# DB drive amp ?



## Filli57 (Jan 7, 2010)

i'm looking for an amp to replace my fried zx880.2. i will be switching from my re sx to either to two re sl or two si bm mkIII.
i found this DB drive A5800.1 super cheap. my question it says 800 max then says [email protected] not sure if that is stating rms or max. they don't give alot of info on the amp on either site but
here is the link to the site to buy it ????????????????????????????????????????????????????????? and here is the link to the db website 
db Drive


----------



## bigmoe2010 (May 14, 2010)

db drive over rates thier amps they do not push out the watts they say but they are good amps because they dont overheat as fast as other amps


----------



## dwaynecherokee (Feb 19, 2010)

DB Drive amp?
*Never.*


----------



## Turbo_CitrusEs (Feb 8, 2010)

Not sure what kind of power you're looking for but I personally would check out the Audio Que AQ1200D. Audioque: Amps: AQ1200D


----------



## antikryst (Feb 26, 2011)

dwaynecherokee said:


> DB Drive amp?
> *Never.*


how bad are they? i have a db drive okur 80.4 (80W RMS + 200W for the sub supposedly) running focal v30s and a focal 21v2 sub.

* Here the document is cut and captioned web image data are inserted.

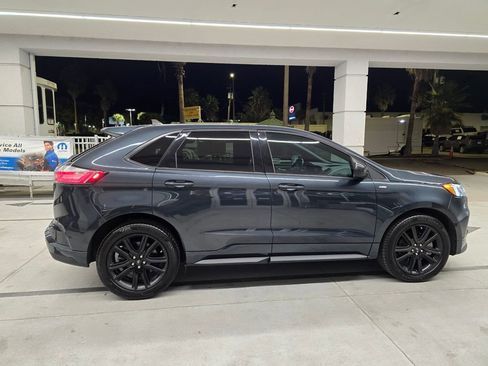 Used 2022 Ford Edge ST-Line image 7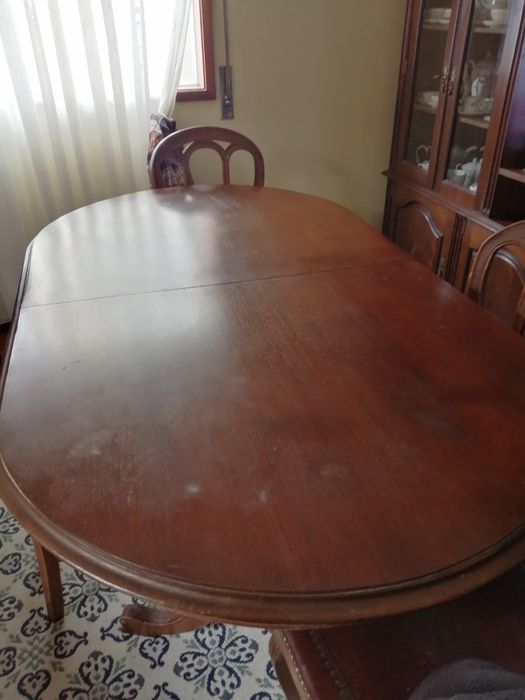 Móvel de sala e mesa de jantar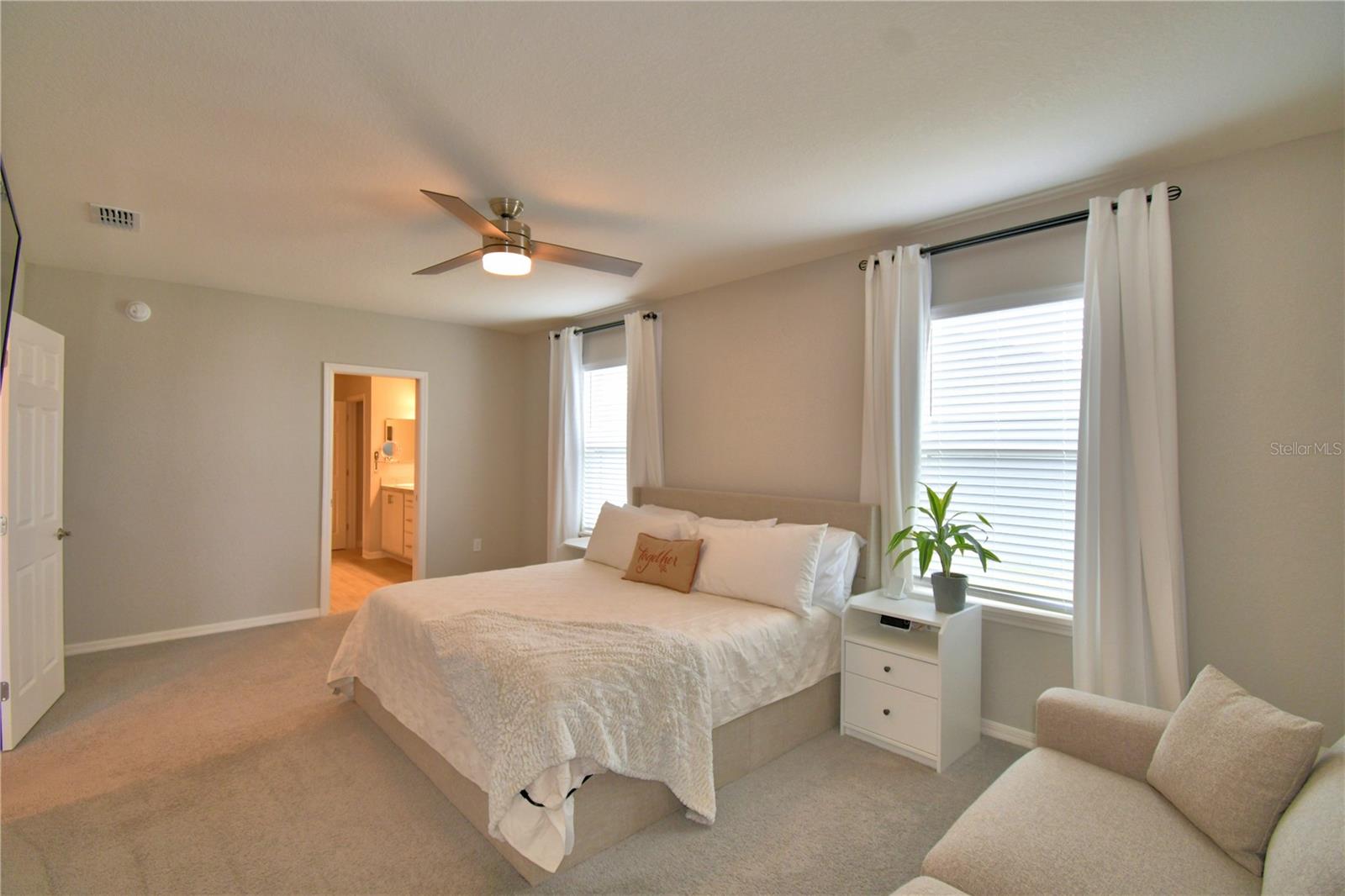 SCENIC BLUFF PH TWO - Residential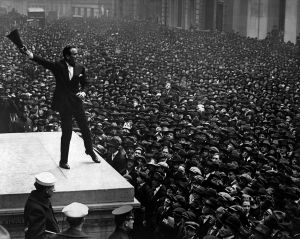 1280px-Douglas_Fairbanks_at_third_Liberty_Loan_rally_HD-SN-99-02174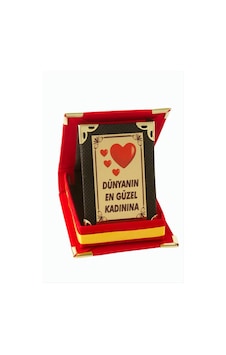 Dünyanın En Güzel Kadınına Plaketi 1 33631315 Dünyanın En Güzel Kadınına Plaketi 1 33631315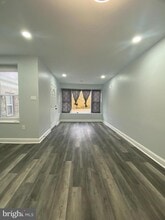 6716 Cobbs Creek Pkwy in Philadelphia, PA - Building Photo - Building Photo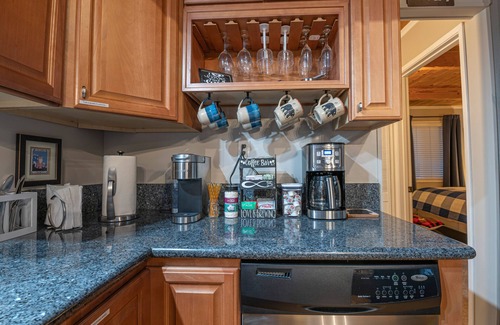 Big Bear Lake Cabin | Charming Dog-Friendly Chalet with Spa & Fire Pit Views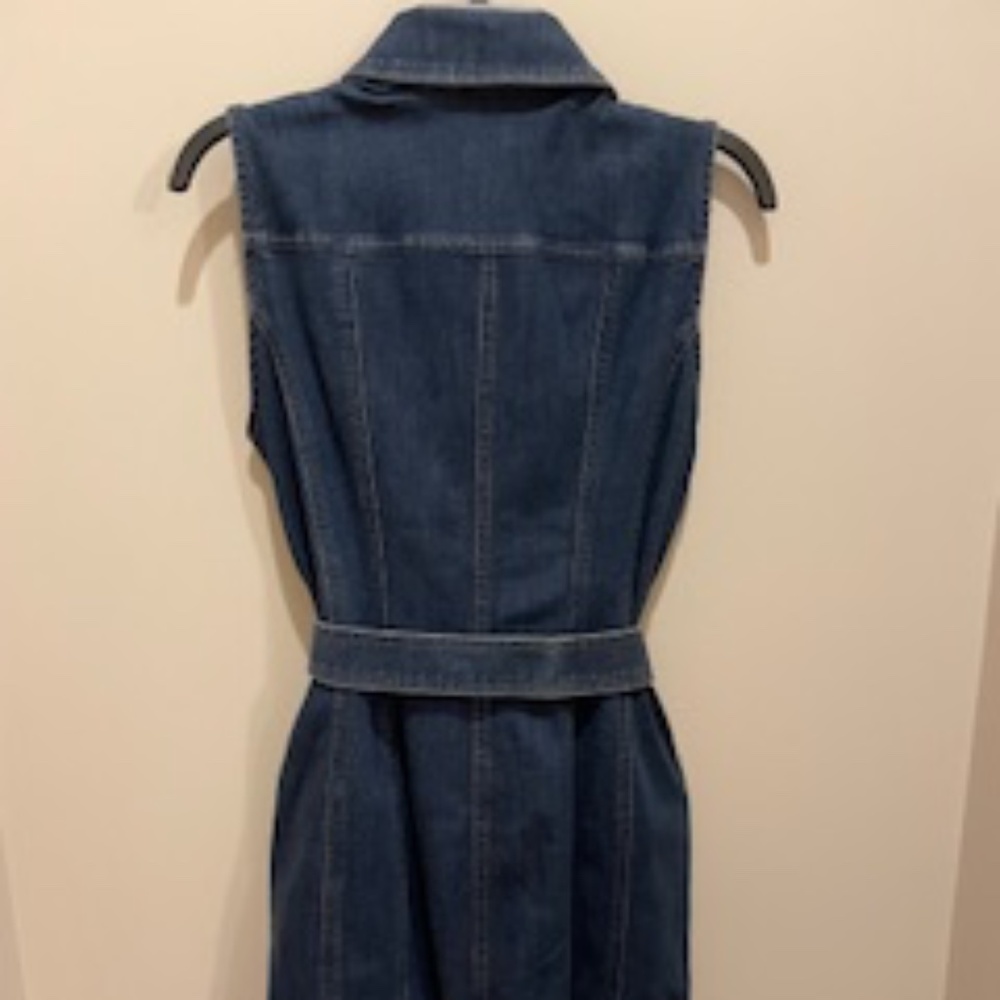 WHBM Sleeveless Denim Dress - Size 8 - NWT - Picture 6 of 14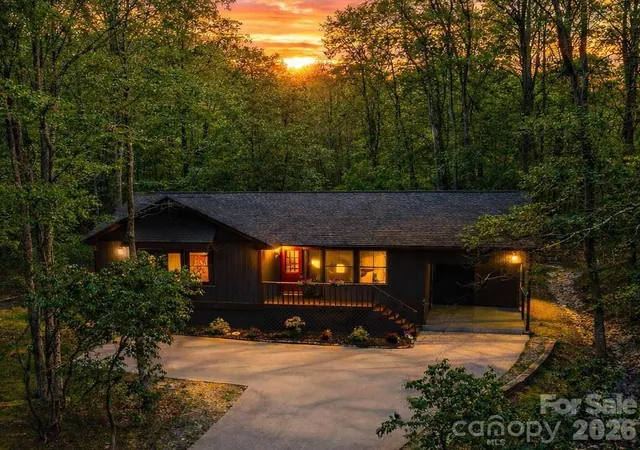 Photo 1 of Single family home for sale at 417 Soquili Dr, Brevard, NC 28712 | MLS# 4424446 | Listing updated on 2026-09-19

the db drive is my first amp ever.

i am changing my amp soon... just curious on how over rated they are.


----------



## ChaunB3400 (Dec 12, 2009)

Just like every brand, they have there good stuff, there middle of the line stuff, and there bottom stuff..


----------



## antikryst (Feb 26, 2011)

cajunner said:


> look on the bright side:
> 
> you'll probably be one of the ones that says "I swapped amps and really did hear a difference!" instead of arguing that all amps sound pretty much the same...
> 
> ...


haha true. cant wait to get my new amp. im probably getting a mosconi g one 120 x 4.


----------



## Evil Ryu (May 25, 2011)

this thread won't die lol


----------



## xMplar (Feb 18, 2009)

another mosconi convert MSCONI ROCKS why cant the ozzys see this they have the opurtunity to buy into wat is sure to become amp royalty and yet no they buy alpine pioneer and others not that they ar ebad but seriosly handmad italian amp pron vs a pdx you do the math


----------